Exercise aim:
The whole listing needs retyping exactly; keep the pictures out of it.

Raw data:
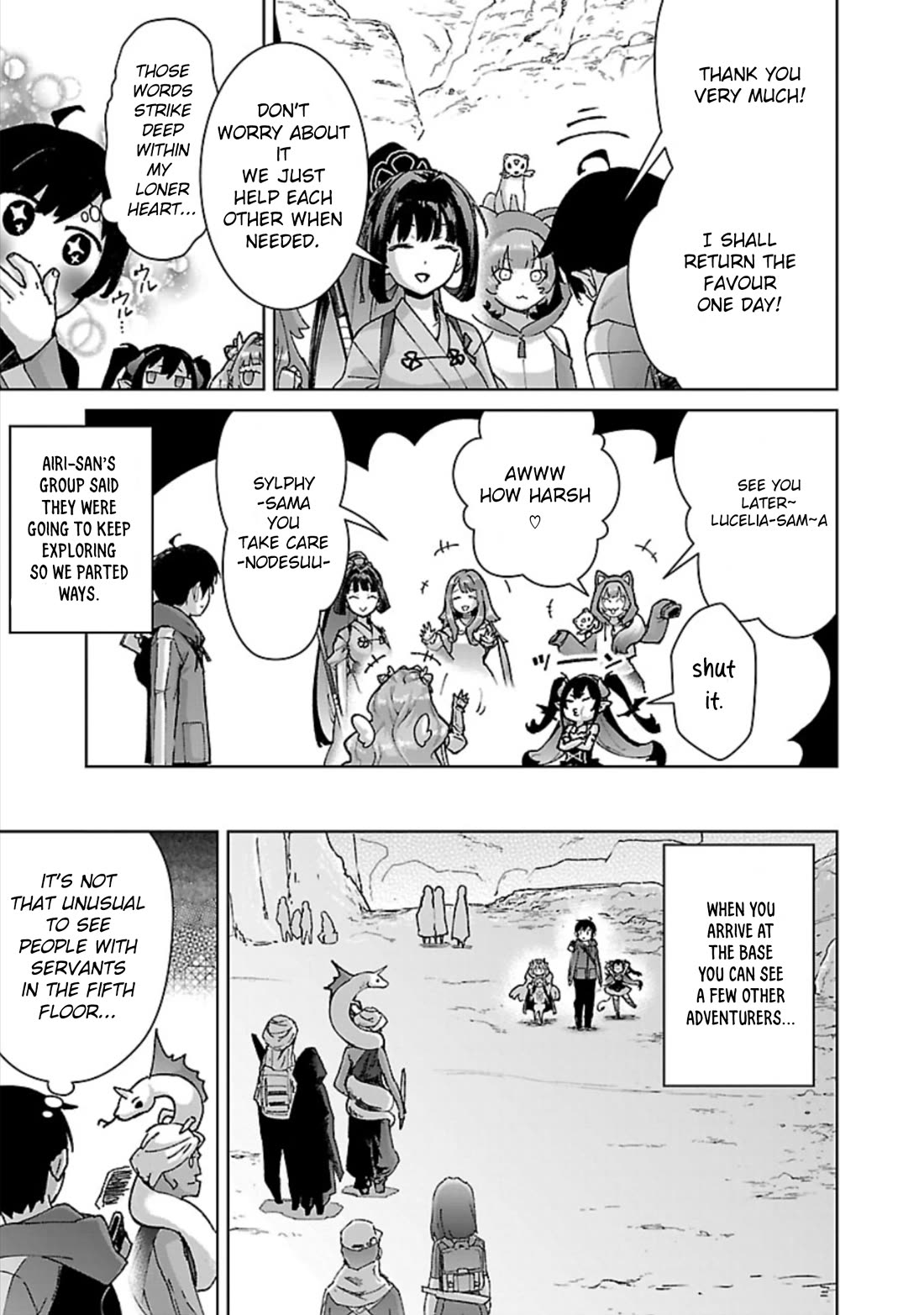 The Story of an Exploration Hero Who Has Worked His Way up From Common People Chapter 32 page 16 - Chapter 32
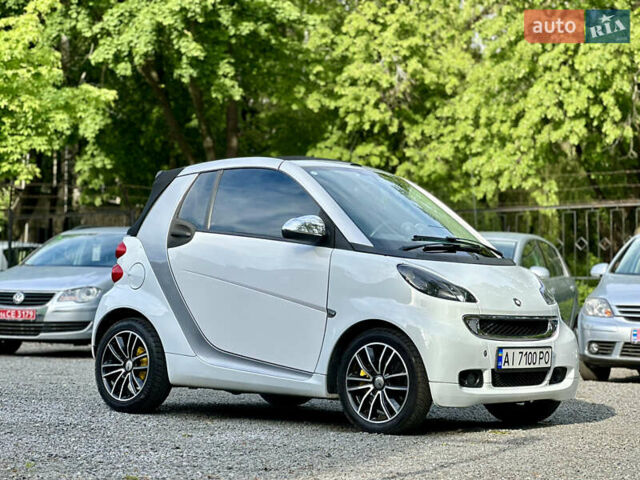 Белый Смарт Форту, объемом двигателя 1 л и пробегом 182 тыс. км за 5200 $, фото 23 на Automoto.ua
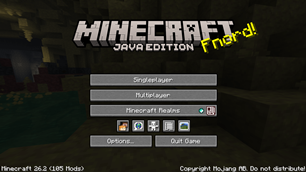 Main menu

Response:
 The Story of an Exploration Hero Who Has Worked His Way up From Common People Chapter 32 page 16 - Chapter 32
 Белый Смарт Форту, объемом двигателя 1 л и пробегом 182 тыс. км за 5200 $, фото 23 на Automoto.ua
 Main menu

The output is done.